State outbreak data for businesses show low numbers for bars and restaurants. The most recent report showed a total of three bars in the state suspected of outbreaks, and all three involved only employees.

There were 24 retail outbreaks, seven of them reported in the last week of February, according to the report. Each of those outbreaks also only affected employees and not customers, according to the state.

“It shows that bars and restaurants are not necessarily the problem,” Ellis said.

The state and the industries affected by restrictions will be watching COVID-19 data over the next six weeks. The goal for both is further reopening.

Elizabeth Hertel, director of the Michigan Department of Health and Human Services, acknowledged that the loosening of restrictions may lead to higher cases and the increase in the past 10 days comes about a month after restaurants and bars were able to reopen.

But Hertel said Michigan's hospitals have far more capacity now than they did when the state ordered the "pause" on indoor dining. After falling almost every day since Dec. 1, the number of COVID-19 patients treated in Michigan hospitals has risen in recent days, hitting 959 on Tuesday, up from 841 on Feb. 22, the lowest number since the peak of the second wave.
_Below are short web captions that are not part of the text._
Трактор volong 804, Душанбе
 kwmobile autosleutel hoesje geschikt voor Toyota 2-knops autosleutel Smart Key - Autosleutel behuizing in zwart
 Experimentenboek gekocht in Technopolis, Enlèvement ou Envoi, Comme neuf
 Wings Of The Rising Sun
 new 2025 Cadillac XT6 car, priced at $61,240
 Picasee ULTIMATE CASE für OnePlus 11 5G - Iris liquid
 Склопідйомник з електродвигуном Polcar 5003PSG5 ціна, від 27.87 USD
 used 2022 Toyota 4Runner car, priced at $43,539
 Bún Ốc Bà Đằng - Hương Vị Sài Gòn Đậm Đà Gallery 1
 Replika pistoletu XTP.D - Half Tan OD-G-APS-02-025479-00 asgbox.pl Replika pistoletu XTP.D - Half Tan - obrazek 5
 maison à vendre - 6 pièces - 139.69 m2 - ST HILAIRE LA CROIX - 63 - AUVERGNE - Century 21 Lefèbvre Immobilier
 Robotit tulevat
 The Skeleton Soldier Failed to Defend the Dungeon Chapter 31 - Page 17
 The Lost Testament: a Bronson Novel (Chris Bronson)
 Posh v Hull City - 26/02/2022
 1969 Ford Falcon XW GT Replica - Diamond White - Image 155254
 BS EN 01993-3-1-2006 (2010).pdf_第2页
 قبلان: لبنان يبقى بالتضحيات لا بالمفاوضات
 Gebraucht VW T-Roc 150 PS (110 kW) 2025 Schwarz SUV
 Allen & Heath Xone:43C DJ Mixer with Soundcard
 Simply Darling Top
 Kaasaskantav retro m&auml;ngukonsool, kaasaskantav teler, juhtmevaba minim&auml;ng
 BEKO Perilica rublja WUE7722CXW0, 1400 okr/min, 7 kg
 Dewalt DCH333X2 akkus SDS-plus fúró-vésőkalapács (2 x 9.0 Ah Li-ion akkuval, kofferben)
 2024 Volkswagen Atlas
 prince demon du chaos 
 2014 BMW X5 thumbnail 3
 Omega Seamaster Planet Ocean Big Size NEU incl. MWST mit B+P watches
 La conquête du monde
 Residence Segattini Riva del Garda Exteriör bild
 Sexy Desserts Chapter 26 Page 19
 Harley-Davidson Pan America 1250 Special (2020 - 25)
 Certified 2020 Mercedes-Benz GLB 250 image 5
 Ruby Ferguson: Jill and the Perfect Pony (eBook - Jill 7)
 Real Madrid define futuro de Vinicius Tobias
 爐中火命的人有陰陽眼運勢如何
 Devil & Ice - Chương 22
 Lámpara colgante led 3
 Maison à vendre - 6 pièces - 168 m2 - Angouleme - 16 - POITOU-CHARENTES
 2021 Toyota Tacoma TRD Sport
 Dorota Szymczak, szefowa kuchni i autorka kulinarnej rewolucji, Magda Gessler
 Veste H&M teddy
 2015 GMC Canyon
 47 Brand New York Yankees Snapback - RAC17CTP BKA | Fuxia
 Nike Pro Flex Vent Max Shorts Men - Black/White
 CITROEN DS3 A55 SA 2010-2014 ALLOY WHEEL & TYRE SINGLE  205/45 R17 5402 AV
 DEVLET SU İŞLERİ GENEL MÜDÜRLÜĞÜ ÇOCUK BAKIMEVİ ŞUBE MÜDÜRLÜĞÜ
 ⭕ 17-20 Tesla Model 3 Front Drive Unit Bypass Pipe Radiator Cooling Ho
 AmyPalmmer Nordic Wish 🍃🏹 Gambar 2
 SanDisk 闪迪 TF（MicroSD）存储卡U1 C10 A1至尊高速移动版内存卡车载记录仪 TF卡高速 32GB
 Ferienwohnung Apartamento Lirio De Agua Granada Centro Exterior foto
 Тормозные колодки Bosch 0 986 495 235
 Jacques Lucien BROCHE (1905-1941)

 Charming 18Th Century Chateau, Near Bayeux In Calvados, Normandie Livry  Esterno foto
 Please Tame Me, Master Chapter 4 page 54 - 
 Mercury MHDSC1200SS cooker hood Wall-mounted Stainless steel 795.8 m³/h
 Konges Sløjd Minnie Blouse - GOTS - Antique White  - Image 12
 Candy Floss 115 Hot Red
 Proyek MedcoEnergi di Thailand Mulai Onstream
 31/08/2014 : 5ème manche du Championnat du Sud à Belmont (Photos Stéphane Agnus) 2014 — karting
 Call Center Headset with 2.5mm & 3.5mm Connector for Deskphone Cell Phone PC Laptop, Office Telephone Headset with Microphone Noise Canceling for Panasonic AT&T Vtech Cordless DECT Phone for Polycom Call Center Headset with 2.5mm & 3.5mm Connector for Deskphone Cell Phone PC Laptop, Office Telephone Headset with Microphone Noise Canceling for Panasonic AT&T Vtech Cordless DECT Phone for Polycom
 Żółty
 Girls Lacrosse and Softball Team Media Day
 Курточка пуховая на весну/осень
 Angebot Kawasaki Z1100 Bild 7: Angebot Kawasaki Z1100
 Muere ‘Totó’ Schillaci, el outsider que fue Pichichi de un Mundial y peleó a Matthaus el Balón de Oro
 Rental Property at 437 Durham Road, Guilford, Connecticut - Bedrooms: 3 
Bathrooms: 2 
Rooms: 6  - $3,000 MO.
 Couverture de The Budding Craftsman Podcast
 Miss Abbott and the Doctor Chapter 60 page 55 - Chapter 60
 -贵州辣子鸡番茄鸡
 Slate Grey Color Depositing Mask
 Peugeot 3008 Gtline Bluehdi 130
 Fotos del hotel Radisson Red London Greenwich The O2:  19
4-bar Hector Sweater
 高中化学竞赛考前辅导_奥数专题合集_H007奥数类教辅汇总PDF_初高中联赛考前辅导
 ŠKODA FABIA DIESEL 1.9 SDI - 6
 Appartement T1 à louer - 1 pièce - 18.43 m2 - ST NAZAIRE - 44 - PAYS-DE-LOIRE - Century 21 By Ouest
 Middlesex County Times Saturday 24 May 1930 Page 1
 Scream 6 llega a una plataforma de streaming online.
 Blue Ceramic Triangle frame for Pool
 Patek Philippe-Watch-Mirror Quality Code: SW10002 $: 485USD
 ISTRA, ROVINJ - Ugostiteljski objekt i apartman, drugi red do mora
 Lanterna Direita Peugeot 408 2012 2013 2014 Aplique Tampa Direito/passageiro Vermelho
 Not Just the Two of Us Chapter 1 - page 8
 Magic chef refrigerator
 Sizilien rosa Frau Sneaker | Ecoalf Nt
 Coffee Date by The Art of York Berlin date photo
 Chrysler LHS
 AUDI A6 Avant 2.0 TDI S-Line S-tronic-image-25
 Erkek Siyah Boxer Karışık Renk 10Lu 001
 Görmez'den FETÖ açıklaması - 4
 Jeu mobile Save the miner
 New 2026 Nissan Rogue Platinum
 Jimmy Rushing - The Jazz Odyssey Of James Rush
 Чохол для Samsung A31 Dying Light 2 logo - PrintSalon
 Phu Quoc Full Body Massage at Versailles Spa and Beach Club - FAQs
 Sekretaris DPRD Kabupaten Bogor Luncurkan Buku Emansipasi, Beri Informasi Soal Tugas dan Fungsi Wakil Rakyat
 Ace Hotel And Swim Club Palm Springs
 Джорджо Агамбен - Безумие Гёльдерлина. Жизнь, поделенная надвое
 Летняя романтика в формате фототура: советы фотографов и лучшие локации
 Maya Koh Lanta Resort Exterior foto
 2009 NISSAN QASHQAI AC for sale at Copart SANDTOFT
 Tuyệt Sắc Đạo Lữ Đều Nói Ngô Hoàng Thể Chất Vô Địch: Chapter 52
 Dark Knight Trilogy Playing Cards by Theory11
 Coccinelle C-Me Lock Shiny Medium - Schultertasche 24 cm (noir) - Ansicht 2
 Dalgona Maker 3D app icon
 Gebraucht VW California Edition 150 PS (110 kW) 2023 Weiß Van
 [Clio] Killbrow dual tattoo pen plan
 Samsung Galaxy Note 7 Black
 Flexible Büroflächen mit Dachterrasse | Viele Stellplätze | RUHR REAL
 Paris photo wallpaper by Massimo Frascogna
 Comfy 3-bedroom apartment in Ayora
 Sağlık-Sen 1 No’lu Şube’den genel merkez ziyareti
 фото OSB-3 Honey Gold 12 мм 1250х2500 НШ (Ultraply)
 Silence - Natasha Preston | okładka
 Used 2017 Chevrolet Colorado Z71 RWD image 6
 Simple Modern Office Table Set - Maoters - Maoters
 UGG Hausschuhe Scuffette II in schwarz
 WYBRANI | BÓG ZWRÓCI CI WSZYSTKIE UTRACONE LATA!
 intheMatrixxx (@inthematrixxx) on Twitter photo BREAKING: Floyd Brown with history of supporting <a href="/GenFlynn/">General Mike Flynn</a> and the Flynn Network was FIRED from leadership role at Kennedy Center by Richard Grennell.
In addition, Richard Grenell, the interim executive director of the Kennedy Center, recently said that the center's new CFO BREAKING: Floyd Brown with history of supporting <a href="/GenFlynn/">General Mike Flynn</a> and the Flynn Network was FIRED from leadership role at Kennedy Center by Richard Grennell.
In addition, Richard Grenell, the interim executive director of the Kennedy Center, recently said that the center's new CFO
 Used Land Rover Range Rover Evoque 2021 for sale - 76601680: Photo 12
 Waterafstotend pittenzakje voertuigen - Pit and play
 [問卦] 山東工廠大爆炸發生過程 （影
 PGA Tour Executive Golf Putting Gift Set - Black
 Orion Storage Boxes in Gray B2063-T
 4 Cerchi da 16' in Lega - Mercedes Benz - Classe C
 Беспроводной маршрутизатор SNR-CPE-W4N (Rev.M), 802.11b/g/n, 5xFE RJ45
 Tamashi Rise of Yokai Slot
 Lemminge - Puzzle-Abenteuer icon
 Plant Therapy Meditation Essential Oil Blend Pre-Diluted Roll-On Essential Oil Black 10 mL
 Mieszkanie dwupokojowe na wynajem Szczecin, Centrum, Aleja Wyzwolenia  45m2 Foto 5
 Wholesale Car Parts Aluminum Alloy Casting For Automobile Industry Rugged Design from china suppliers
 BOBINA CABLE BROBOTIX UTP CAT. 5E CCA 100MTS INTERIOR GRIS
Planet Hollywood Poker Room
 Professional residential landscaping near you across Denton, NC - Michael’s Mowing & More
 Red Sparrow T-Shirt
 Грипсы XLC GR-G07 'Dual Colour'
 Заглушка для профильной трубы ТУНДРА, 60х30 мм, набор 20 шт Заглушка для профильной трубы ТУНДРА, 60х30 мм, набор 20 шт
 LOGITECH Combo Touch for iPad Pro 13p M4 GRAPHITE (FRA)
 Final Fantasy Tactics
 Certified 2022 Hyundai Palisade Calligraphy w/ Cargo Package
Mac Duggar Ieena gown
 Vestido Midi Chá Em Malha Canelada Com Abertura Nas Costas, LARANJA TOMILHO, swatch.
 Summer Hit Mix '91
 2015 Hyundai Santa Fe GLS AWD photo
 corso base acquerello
However, that's still a fraction of the 4,300 patients being treated on Nov. 30, the highest level the state recorded during the second wave.

“My hope is that we will see perhaps a continued (case) plateau, maybe a slight increase, then a decrease and we can continue to loosen the restrictions moving forward,” Hertel said.

Ellis said the bar and restaurant industry remains frustrated that it doesn’t know the long-term reopening plan. Operators hope to participate in outlining one.

“At the end of the day, we feel like a benchmark will let us know what the end game is,” he said.

Bridge staff reporter Mike Wilkinson contributed to this report.